Jon M. Chu looks at the intriguing possibility that the heists are an act of DIY repatriation by the Chinese government.

Jon M. Chu, director of Crazy Rich Asians, will direct The Great Chinese Art Heist. Photo by Gregg DeGuire/Getty Images)

Crazy Rich Asians director Jon M. Chu is adapting the story of a mysterious rash of Chinese art and antiquities heists for his next film.

Warner Bros. will release The Great Chinese Art Heist, based on Alex W. Palmer’s 2018 GQ story of the same name, reports Deadline. The story identified a string of Chinese art thefts across Europe starting in 2010, including at the Chinese Pavilion at Stockholm’s Drottningholm Palace, the KODE Museum in Norway, and the Château de Fontainebleau outside of Paris.

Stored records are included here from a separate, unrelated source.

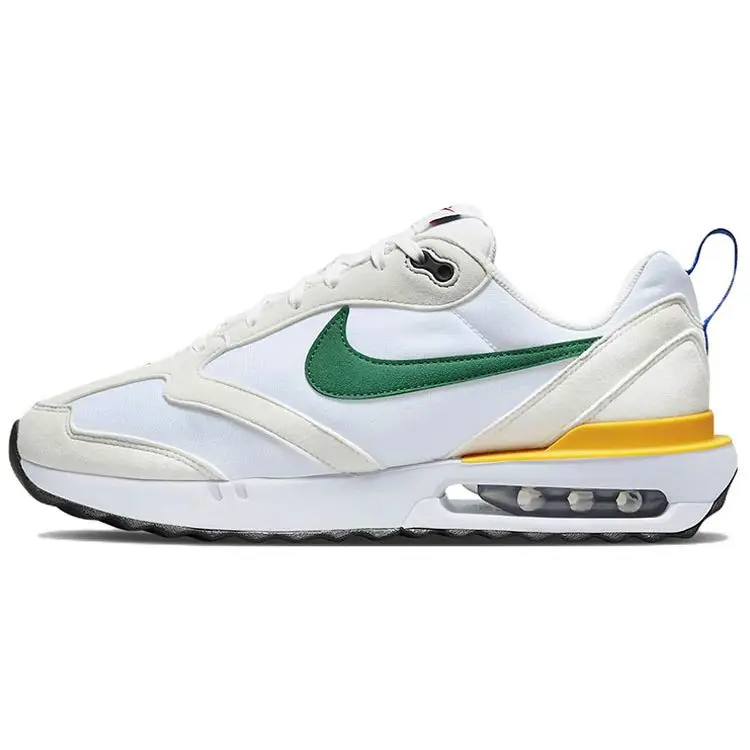 Nike Air Max Dawn Tessuto Pelle Sport Comfort Ammortizzazione Antiscivolo Resistente all Usura Scarpe Casual Basse Uomo sneaker Bianco Verde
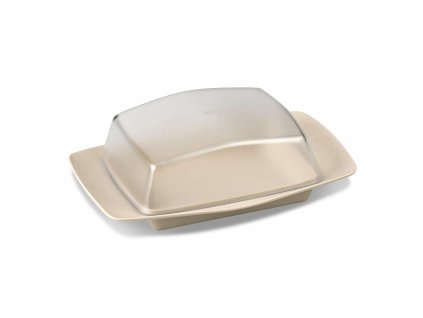 Butter dish RIO 17,5 cm, natural desert sand, plastic, Koziol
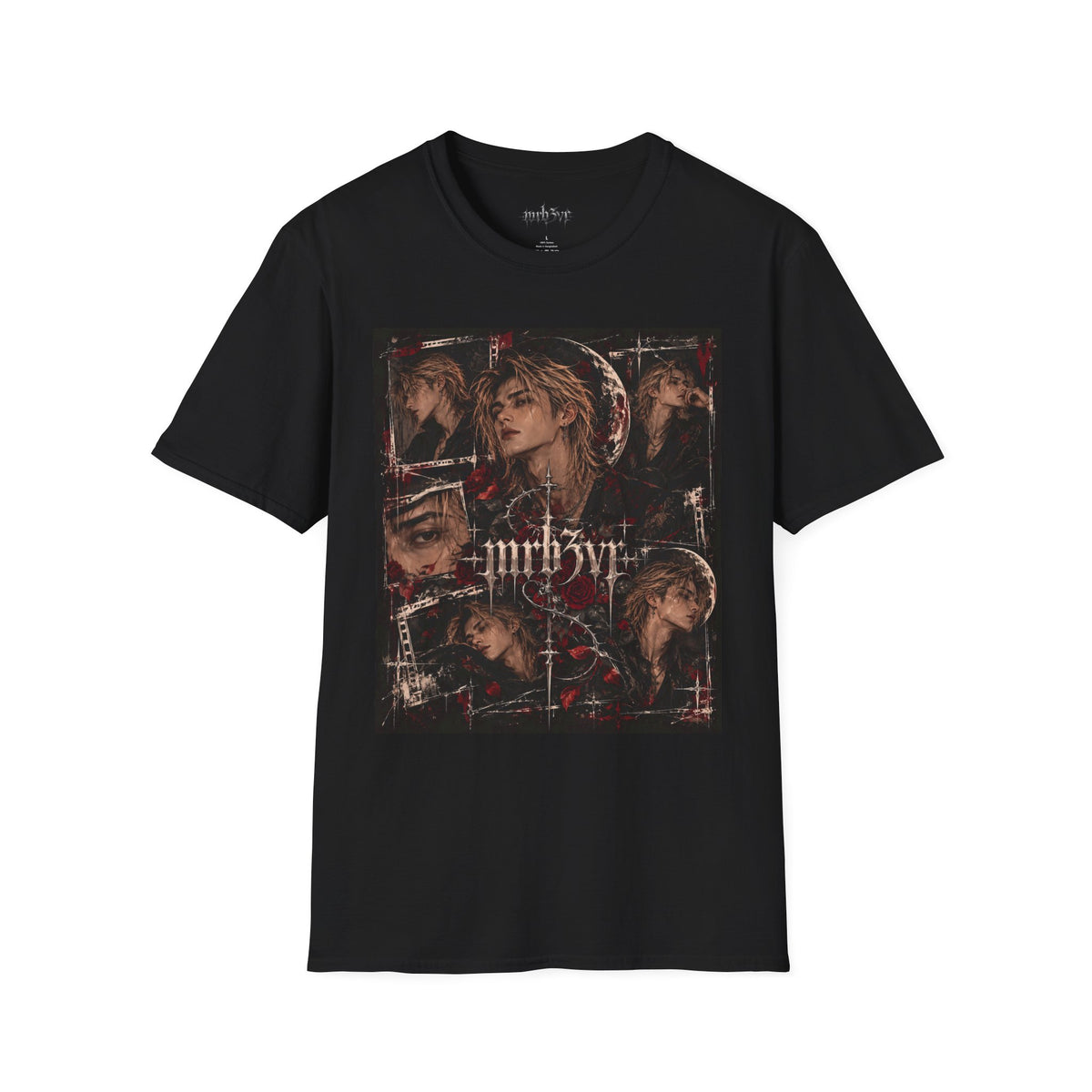 Dark Floral MRB3VR T-Shirt — Gothic Moon & Rose Graphic Tee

“The full scale of the criminality is impossible to pinpoint, because many heists never make the headlines,” Palmer wrote. But the heists all appear to be professional jobs, and primarily targeted art and artifacts looted by foreign armies, with a special interest in objects that the British and French took from the Old Summer Palace in Beijing in 1860.

Visitors view a rare bronze pig's head sculpture from the 12 zodiac animal heads that once decorated the famed water-clock fountain in Beijing's Old Summer Palace. Photo by China Photos/Getty Images.

Visitors view a rare bronze pig’s head sculpture from the 12 zodiac animal heads that once decorated the famed water-clock fountain in Beijing’s Old Summer Palace. Photo by China Photos/Getty Images.

The movie will explore the intriguing possibility that the thefts are actually the work of the Chinese government, bent on taking matters of restitution into its own hands, rather than exhausting complicated legal channels. By government’s own estimate, 10 million antiquities have illegally left the country since 1840.

China launched a “treasure hunting team” to visit institutions in the US and Europe in 2009, with an eye toward identifying objects that had been taken from China by force. The thefts began the following year. Later, as some of the stolen objects have resurfaced in China, the government has shown little interesting in returning them to museums in the West.

A woman poses for photos at the ruins of the historic Jesuit designed Yuanying Guan (Immense Ocean Observatory) at the Old Summer Palace in Beijing on January 6, 2013. The Old Summer Palace, commissioned by the Chinese Emperor Qianlong and designed by Jesuit priests in a European style, was destroyed in 1860 by Anglo-French forces during the second Opium War. Photo by Mark Ralston/AFP via Getty Images.

A woman poses for photos at the ruins of the historic Jesuit designed Yuanying Guan (Immense Ocean Observatory) at the Old Summer Palace in Beijing, 2013. Photo by Mark Ralston/AFP via Getty Images.

Chu and his production company, Electric Somewhere, will produce the film along with Agnes Chu, Will Welch, and Geneva Waserman of GQ Studios/Conde Nast Entertainment.

Chu will also direct the forthcoming film In the Heights, based on the Lin Manuel Miranda Broadway musical, due out in theaters and on HBO Max on June 18, as well as a forthcoming adaptation of the musical Wicked.